Les Véritables honnêtes Gens

Les Véritables honnêtes gens, comédie en 3 actes, de la citoyenne Villeneuve [François Cizos-Duplessis], 29 vendémiaire an 6 [20 octobre 1797].

Théâtre de la République

Titre :

Véritables honnêtes gens (les)

Genre

comédie

Nombre d'actes :

3

Vers / prose

prose

Musique :

non

Date de création :

29 vendémiaire an 6 (20 octobre 1797)

Théâtre :

Théâtre de la République

Auteur(s) des paroles :

Citoyenne Villeneuve [François Cizos- Duplessis]

Almanach des Muses 1799 (qui donne comme titre les Vrais honnêtes gens).

Pièce de circonstance.

Peu d’action, des scènes agréables.

La pièce se déroule sous le Directoire et évoque le 18 fructidor an V, date d’un coup d'État fomenté par trois des cinq directeurs, censé empêcher une action des partisans de la Royauté désireux de mettre fin au régime républicain.

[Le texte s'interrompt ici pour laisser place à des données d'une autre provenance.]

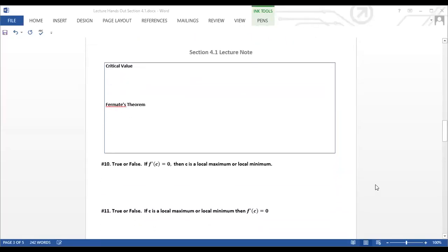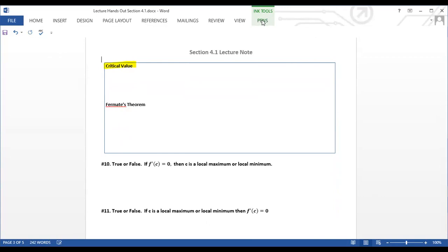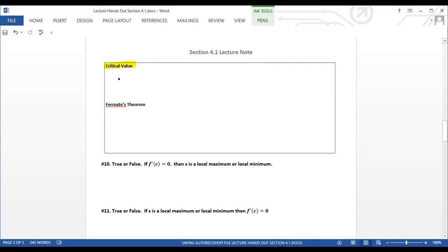In video number one, we covered two things: the definitions of absolute max and absolute min, and the definitions of local max and local min. Now in this second part, we're going to look at a very important definition — what are critical values, how do we use them, and how do we find local max, local min, absolute max, and absolute min.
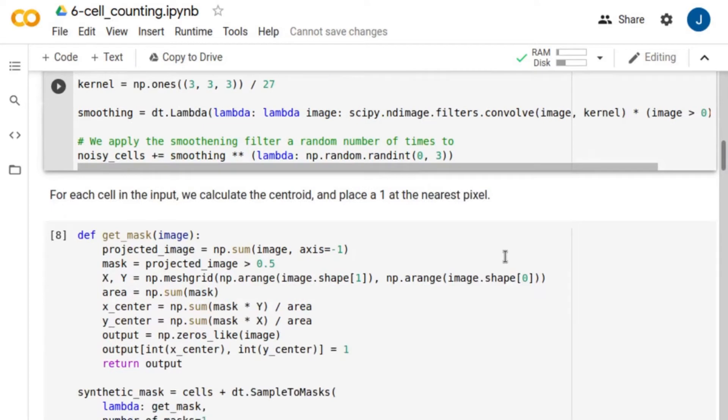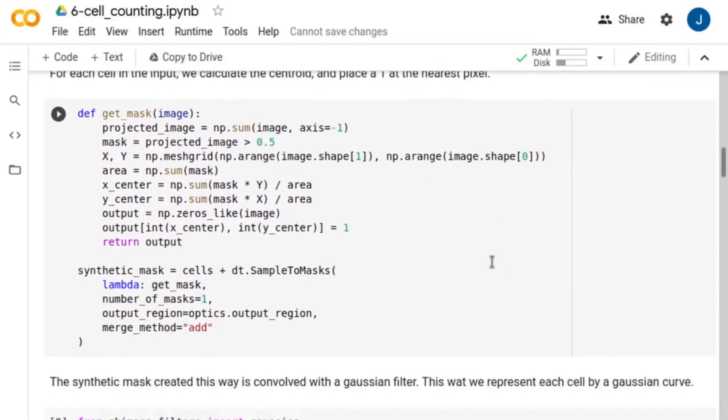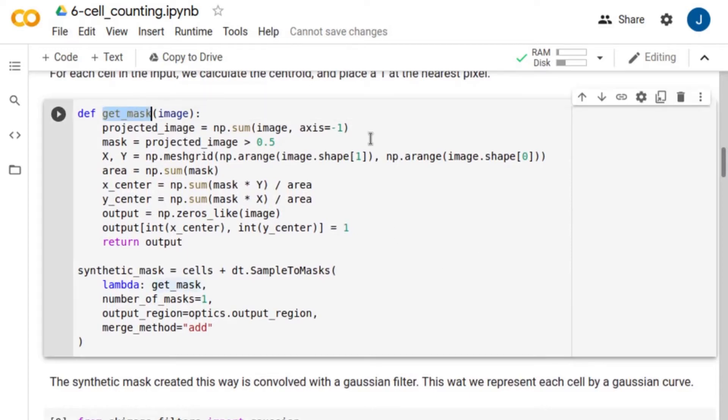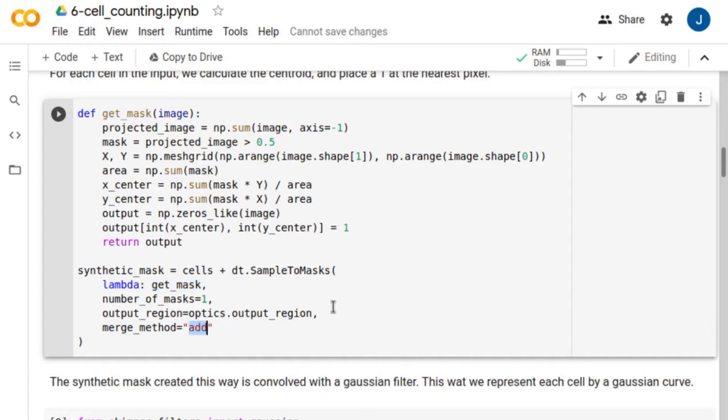Now, we need to generate labels for training. To do this, first, we define the getMask function, which computes the center of each cell and assigns a 1 to the nearest pixel. To create the masks, we use the sampleToMask feature. The input to this method is the getMask function. Note that we use the merge method with the option Add, which adds the masks together.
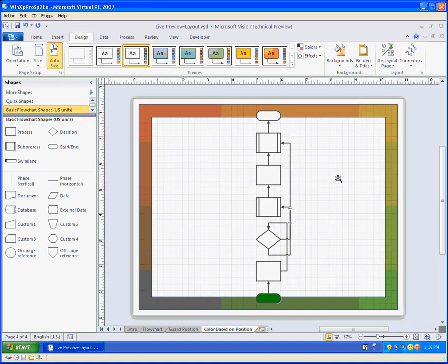So live preview is not just smoke and mirrors. It's quite intelligent. It's respecting the smarts behind your shapes. And I hope you've enjoyed this Visio video. See you over on VisioGuy website. Thanks for watching.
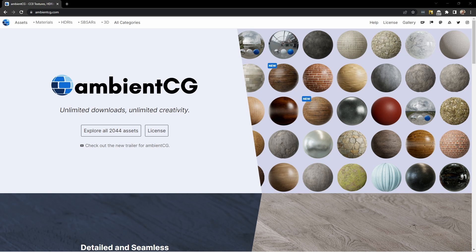Hey everybody, Johnny here. In this video I want to talk about Ambient CG. If you've never been there before, this is a great website for CC0 licensed textures and HDRIs and some 3D scans as well.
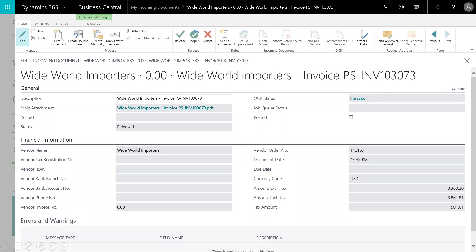From here, I'm going to select Create Document. You'll notice the status has been updated to Created, and I have a record here which is my purchase invoice.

Les deux directeurs favorables au rétablissement de la monarchie sont destitués, de nombreux suspects de sympathies royalistes (députés, prêtres, journalistes) sont déportés en Guyane.

Le Dictionnaire historique, littéraire et bibliographique des Françaises de Fortunée Bernier Briquet (Paris, an XII – 1804), p. 338, consacre une brève notice à la pièce et à son auteur(e) supposé(e) :

VILLENEUVE, a donné, au mois de brumaire an 6, au Théâtre de la République, les vrais Honnêtes-gens, comédie. C'est une pièce de circonstance. On y trouva peu d'action; mais elle renferme des scènes agréables.

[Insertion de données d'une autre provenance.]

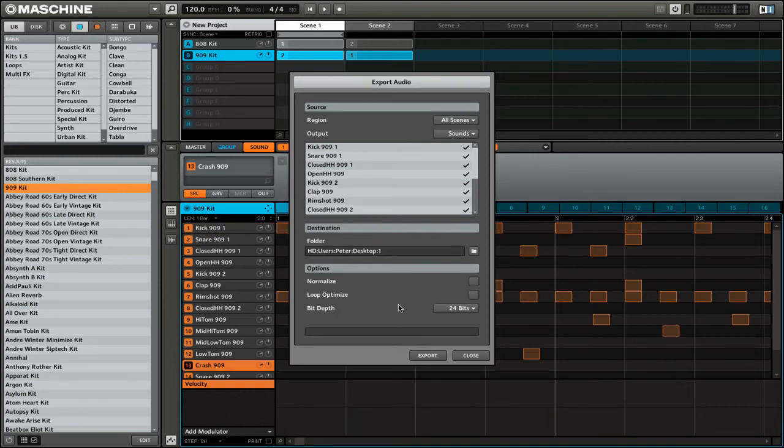After you set your export options to the way that you like, you simply click the export button.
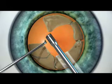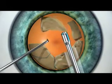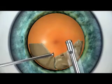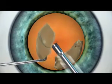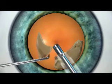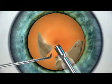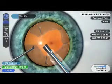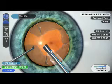Lens removal is efficiently achieved with Stellaris through this combination of mechanical cutting and cavitation, concentrating the energy of linear ultrasound into a focused force directed into the nucleus to emulsify the lens, rather than dissipating the energy within the eye as with other system needle movements. Together, improved stroke length and frequency focus ultrasound power into the nucleus for efficient cataract removal.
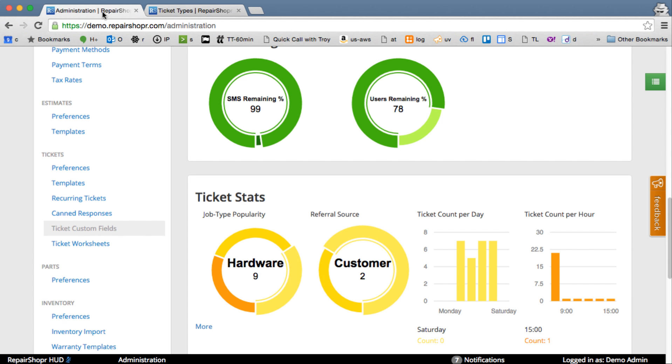Hey, welcome to Feature Friday. I want to show a brand new feature, Ticket Worksheets. This is amazing. It's like a checklist, but so much more.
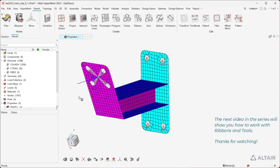The next video in the series will show you how to work with ribbons and tools. Thanks for watching!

Le Censeur dramatique de Grimod de la Reynière, tome I, n° 7 (10 brumaire an 6), p. 414-418 :

[L’intrigue est résumée de façon précise. Le critique signale même ses omissions (et les justifie : personnage nul, ou personnage sentencieux) dont une est surprenante (affirmation du fait que l'événement du 17-18 fructidor est « absolument étranger à la Pièce », ce qu’on pourrait discuter). Le jugement porté sur la pièce est sévère : « l’action en est froide, l’intrigue invraisemblable et mesquine », les caractères sont tous identiques, scènes à l’enchaînement arbitraire, pièce sans intérêt, sans esprit, au style trivial et commun (suprême injure, « on croit lire les Journaux du temps de Robespierre »). Une telle pièce aurait dû ne pas aller à la fin, mais le critique a une explication à cette apparence de succès : la salle était occupée par « les Frères et Amis » et par « les Amis de l’Auteur », soupçonnés d’être payés, il eût été risqué de siffler, et « les Gens sages, les Spectateurs désintéressés » sont restés tranquilles. On a donc pu nommer l’auteur, dont le critique conteste qu’elle soit, comme annoncé, une « femme très connue ». Il voit en elle une « très jeune personne » à qui il donne des conseils comme il aime en donner : « nous l’invitons à mûrir ses idées, à combiner ses plans, à travailler ses caractères, et à apprendre sur-tout à écrire », parce que le patriotisme même ardent ne suffit pas. Par ailleurs, il doute que les femmes soient aptes à écrire des comédies. Les interprètes sont cités, et le jugement sur eux est difficile à interpréter : « Tous ces talens sont jugés depuis long temps ; et nous ne nous sentons pas assez de force pour nous élever à la hauteur des Réflexions que nous aurions à leur offrir. »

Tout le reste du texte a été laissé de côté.